Padang – Warga terdampak banjir bandang di Pauh, Kota Padang, mengeluhkan sulitnya akses pendidikan bagi anak-anak mereka. Jembatan penghubung ke sekolah hanyut, memaksa siswa menyeberangi sungai atau memutar jalan jauh.

Keluhan ini disampaikan langsung kepada Wakil Ketua DPRD Sumbar, Evi Yandri Rajo Budiman, saat reses di Huntara mandiri Kepalo Koto, Pauh, Jumat (6/2). Lebih dari 200 warga hadir menyampaikan aspirasi.

Evi Yandri berjanji mengupayakan pembangunan jembatan darurat secepatnya. “Setidaknya bisa dilalui jalan kaki atau motor,” ujarnya.

Selain akses pendidikan, warga juga mengeluhkan kerusakan infrastruktur lain seperti irigasi, jalan, sawah, dan ladang. Mereka juga menanyakan kejelasan bantuan hunian tetap (huntap).

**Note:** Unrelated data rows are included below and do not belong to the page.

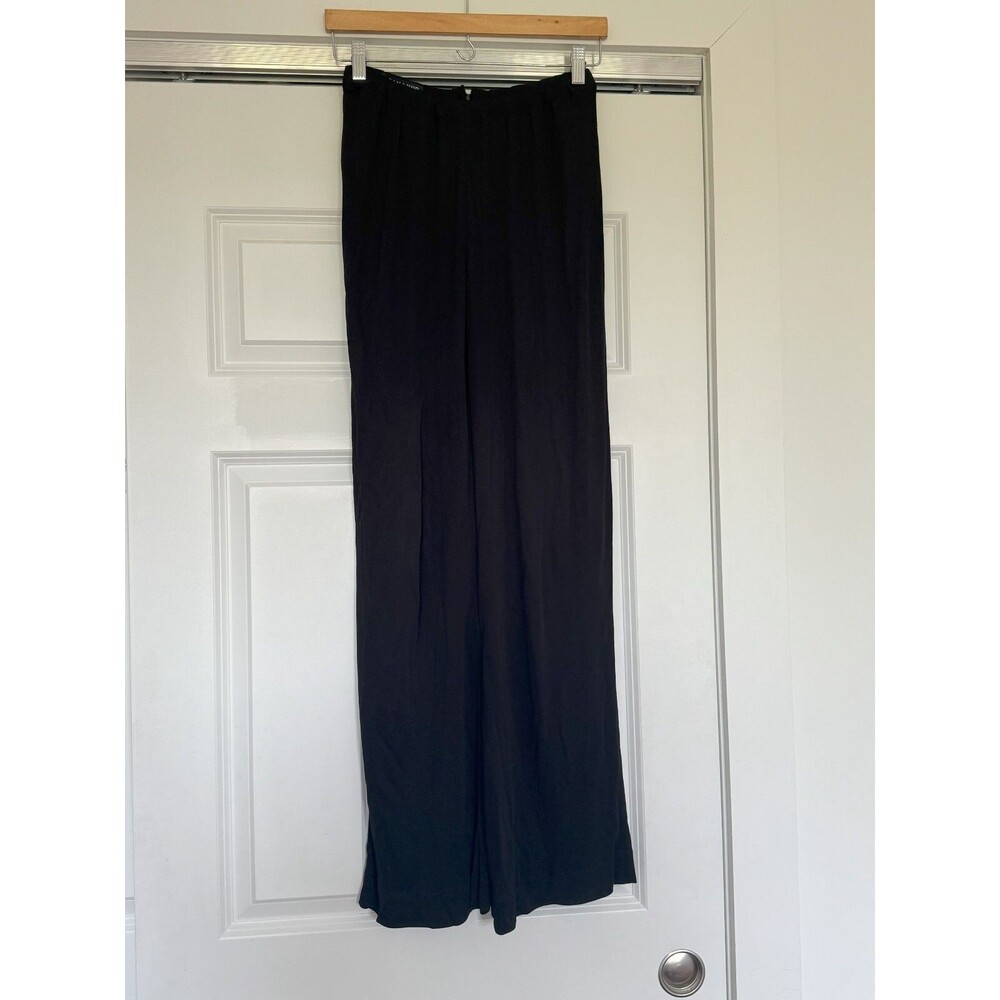 Jean Muir Vintage Womens 12 Black High Rise Elasticated Wide Leg Trousers 70s 80
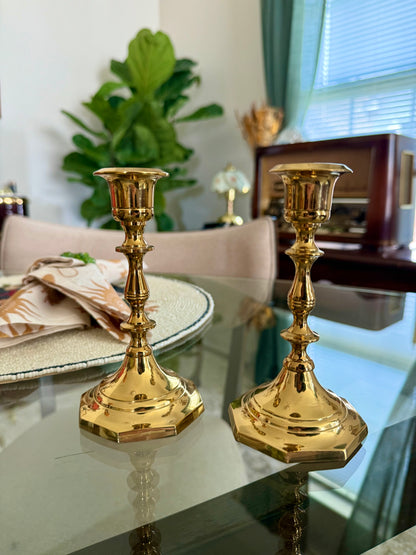 Vintage Made in India Brass Candlestick Holders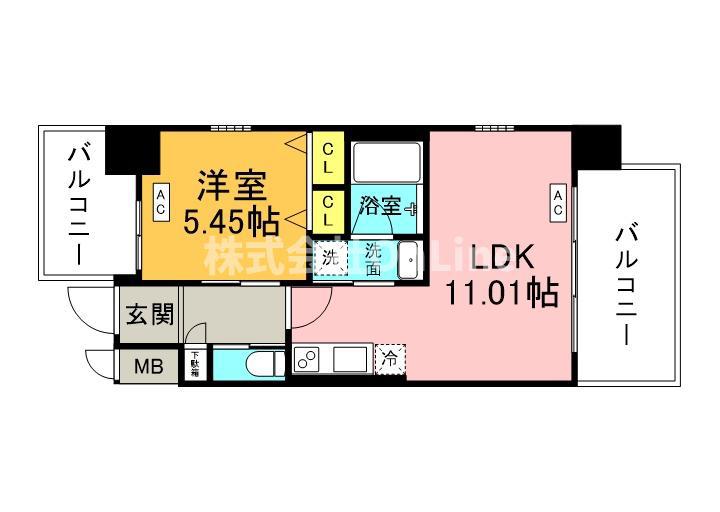 プレジオ城東中央(1LDK/5階)の間取り写真
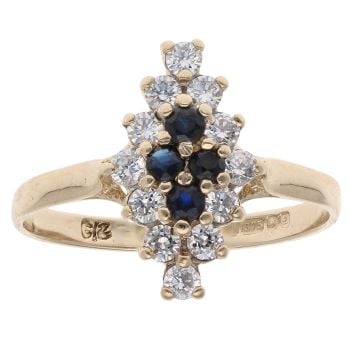 9ct Yellow Gold Sapphire And Cubic Zirconia Cluster Ring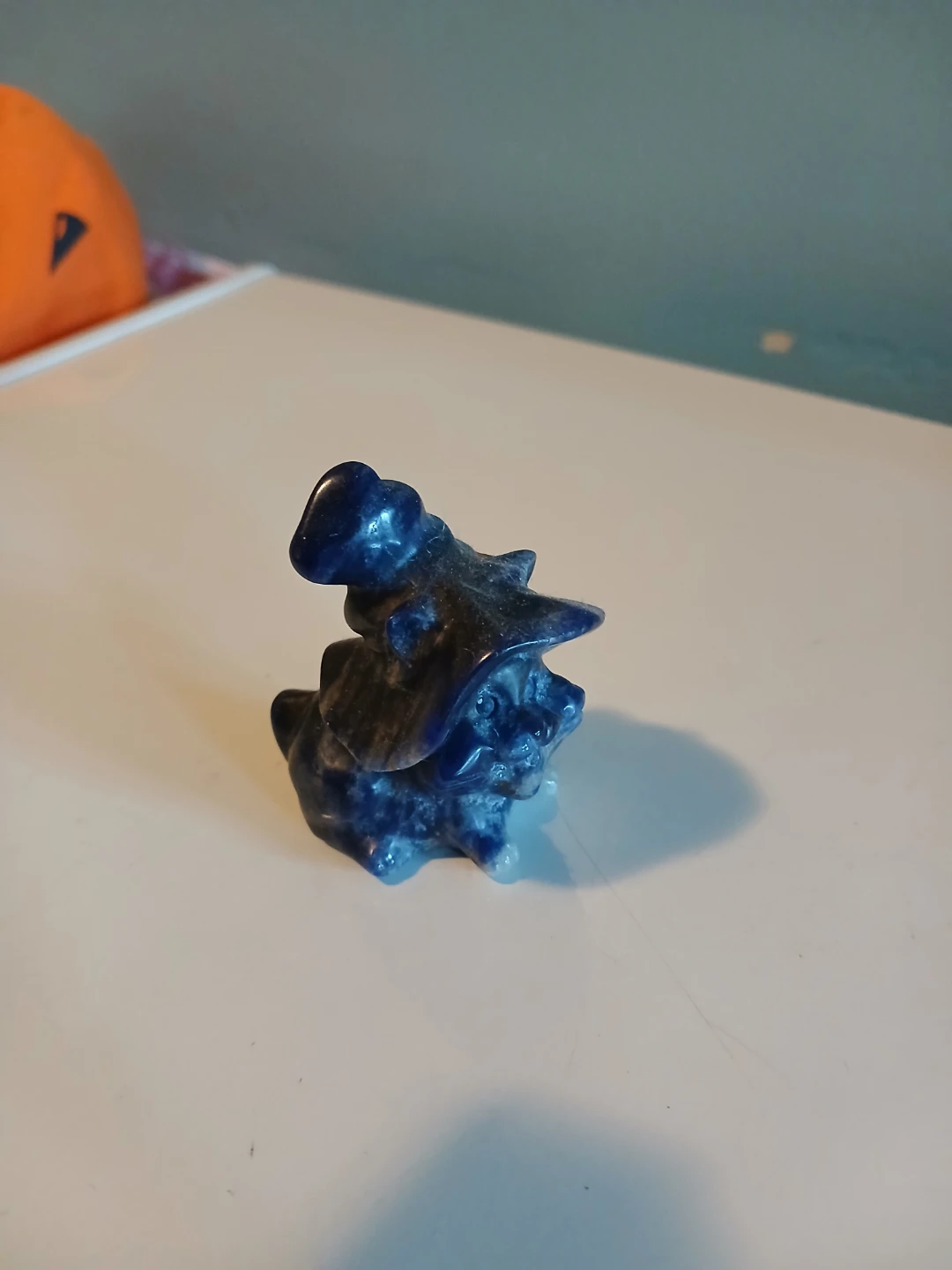 Natural Sodalite Carved Cat With Witch Hat Figurine - photo 2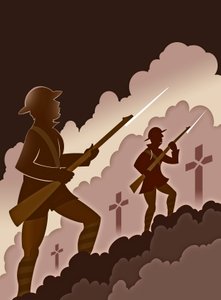 جنود الحرب العالمية الأولى بالحراب - الخارجين من الخنادق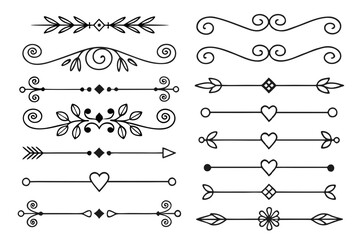 Black Vector Decorative Dividers with Elegant Arrows, Curved Swirls, and Hand-Drawn Floral Accents. Vintage Line Art for Invitations and Layout Templates.

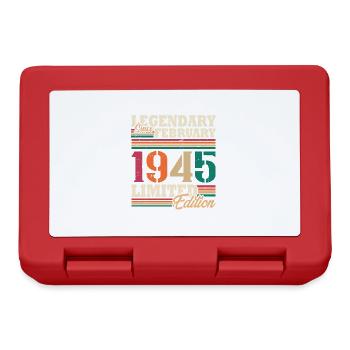 Vintage 1945 Février Cadeau Anniversaire Rétro - Boîte à goûter - rouge - Devant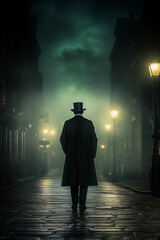 Silhouette of a Mysterious man wearing a black coat and top hat walking down city alley street alone. Private detective style. Cinematic noir historical 19th or 18th century man. Street lights. Foggy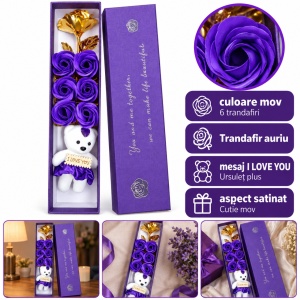 Aranjament decorativ cu 6 trandafiri mov, trandafir auriu și ursuleț , în cutie cadou, 25cm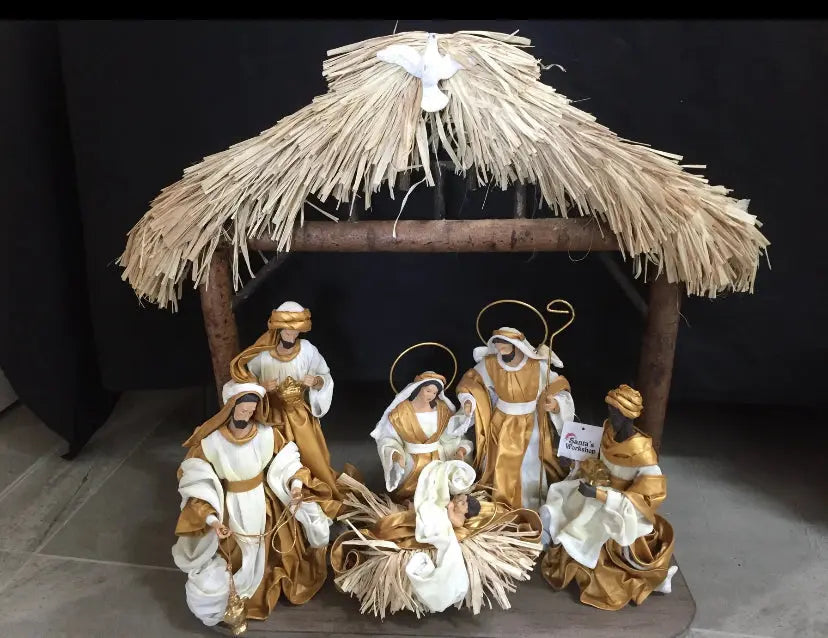 🎄 Gold Christmas Nativity Set in Driftwood Stable – 50cm Approx Handmade Holy Family Scene, Religious Christian Christmas Home Decor & Holiday Gift ✨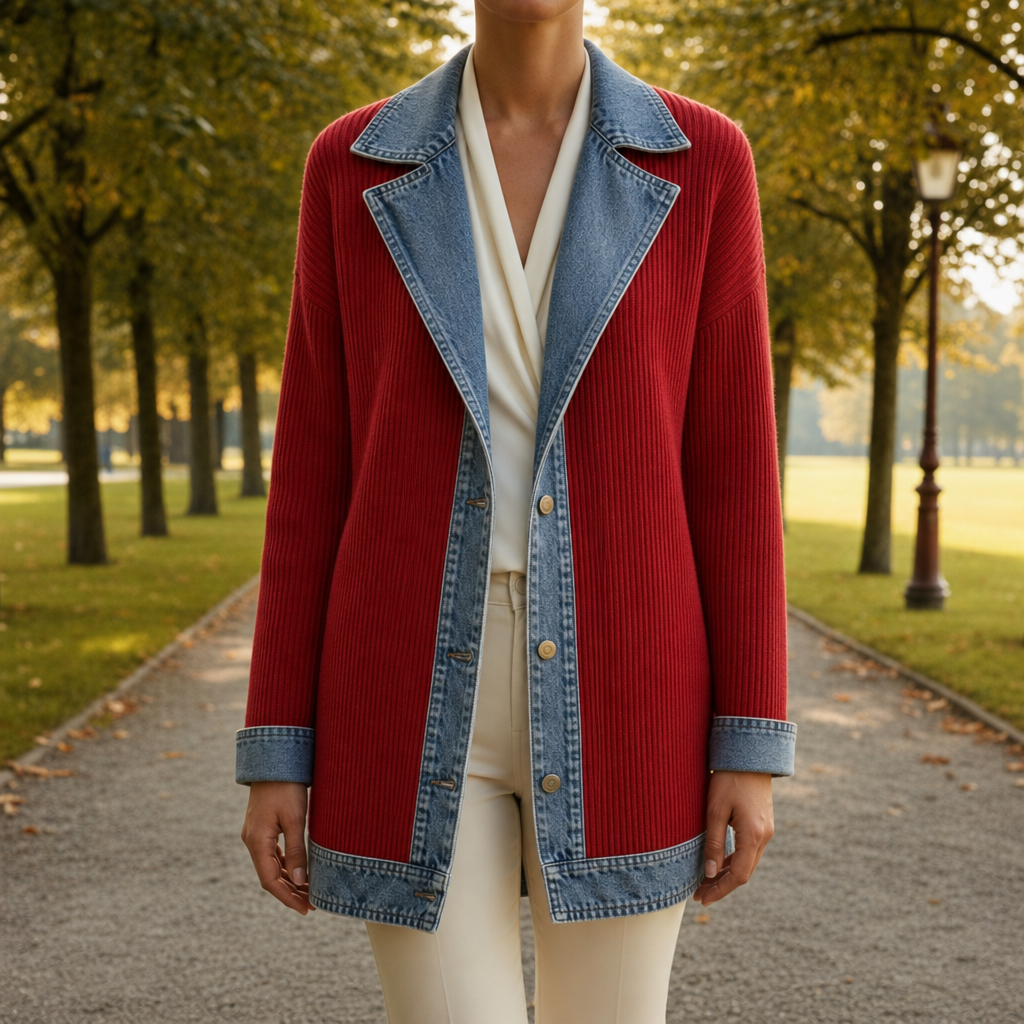 Denim Knit Hybrid Jacket Ribbed Knit Relaxed Fit – Marlowe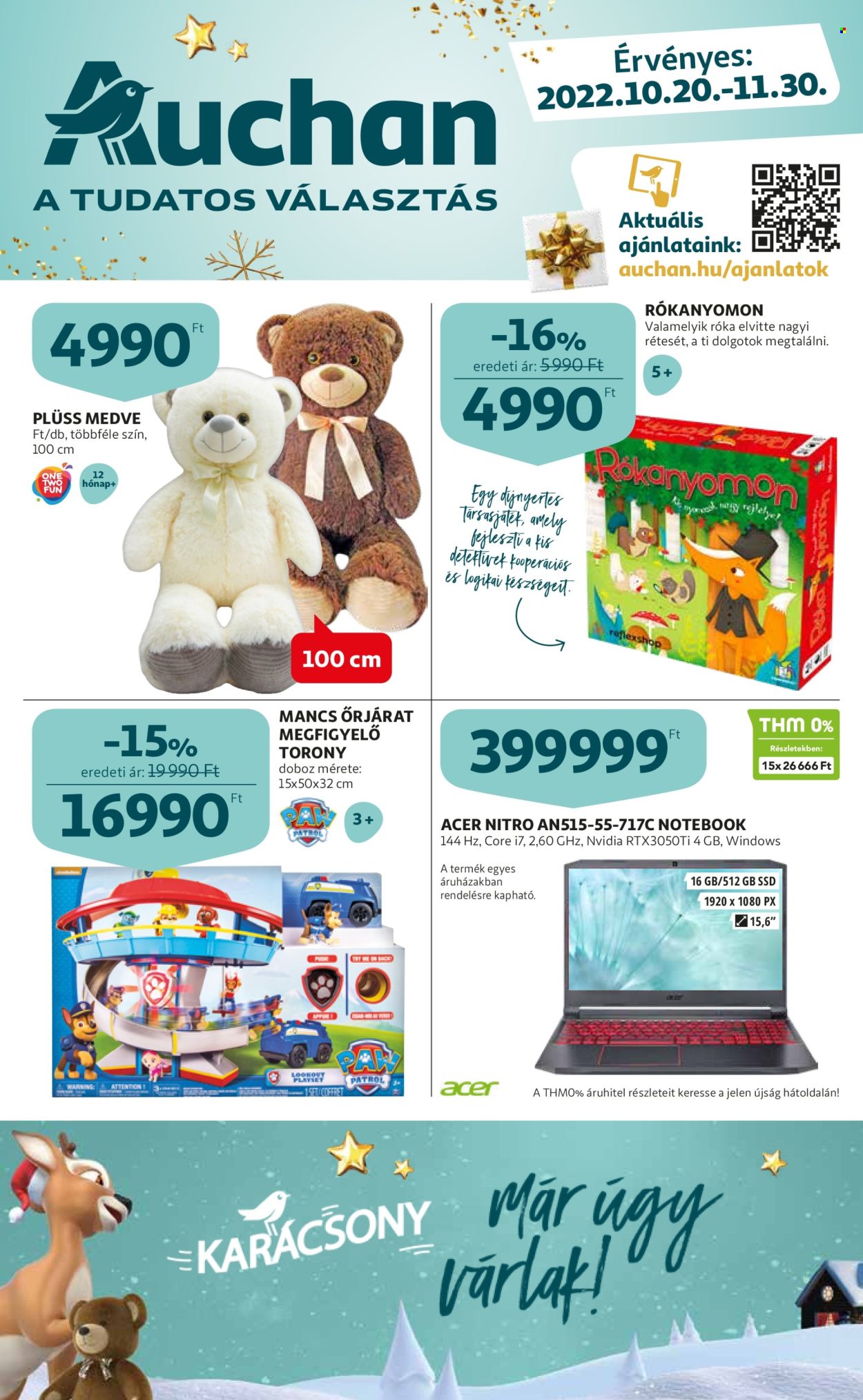 thumbnail - Auchan akciós újsága  - 2022.10.20 - 2022.11.30 - Akciós termékek - notebook, Acer, Acer Nitro, SSD, Mancs őrjárat, plüss.  1. Oldal
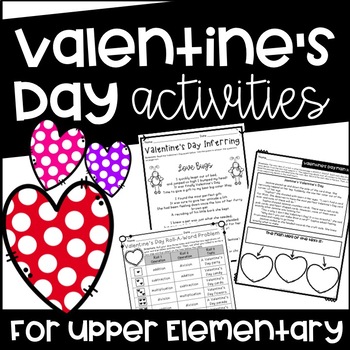 Preview of Valentine's Day Activities for Upper Elementary Math, Reading, Language Arts
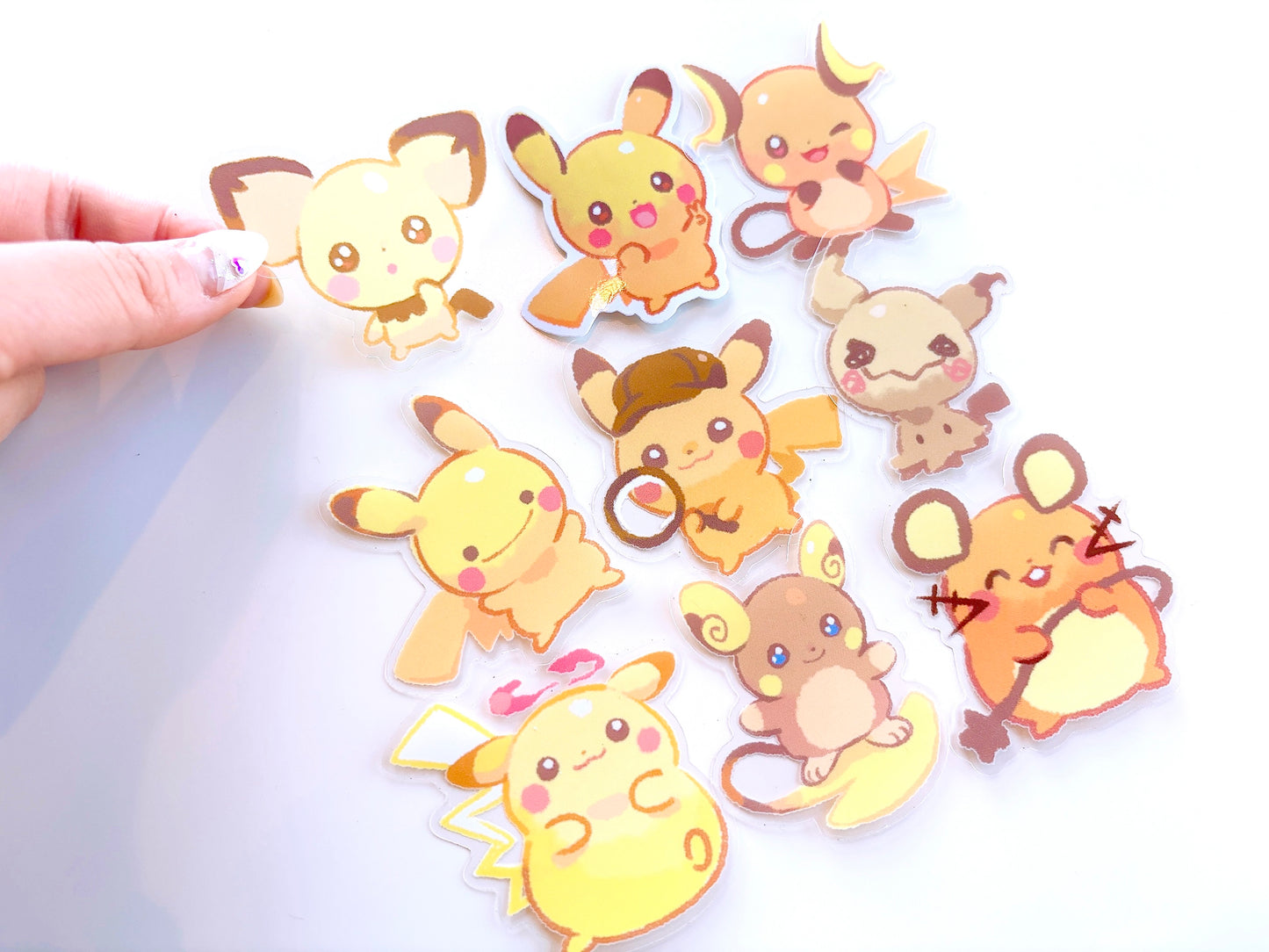 Pikachu Clear Sticker Set (9pcs)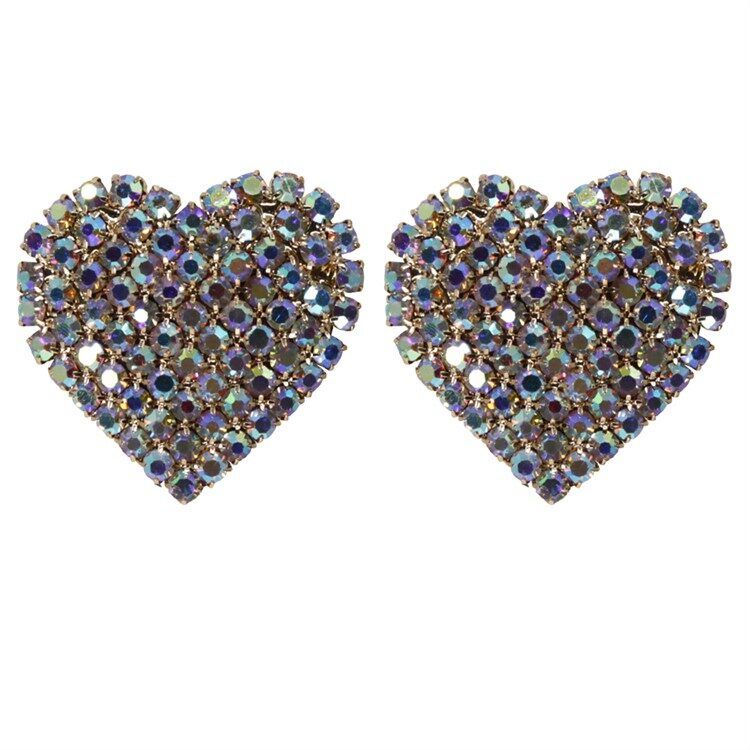 Coloured Crystal Heart Large Clip On Earrings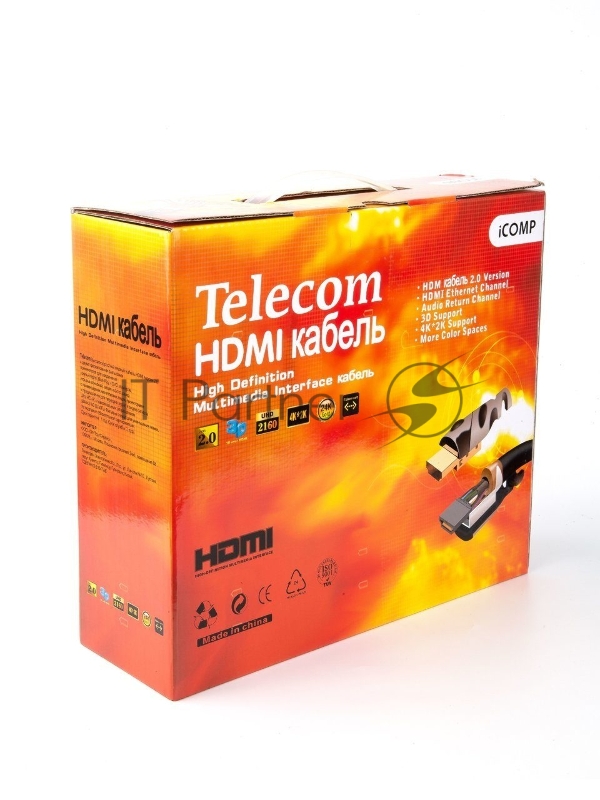 Кабель HDMI-19M --- HDMI-19M ver 2.0 4K*30Hz, 15m 2F TELECOM PRO <TCG220F-15M>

Dinas Pertanian memastikan data sawah terdampak di Pauh sudah masuk verifikasi bantuan. Bantuan akan diberikan sesuai kategori kerusakan: ringan, sedang, berat, dan hilang.

Terkait huntap, Evi Yandri meminta RT/RW dan lurah mendata dan memverifikasi dengan cermat. Ia tak ingin masalah pendataan huntap di Pasaman terulang di Padang.

“Pendataan ini sangat penting. Jika tidak, dana yang sudah ada tidak bisa dipakai karena data bermasalah,” tegasnya.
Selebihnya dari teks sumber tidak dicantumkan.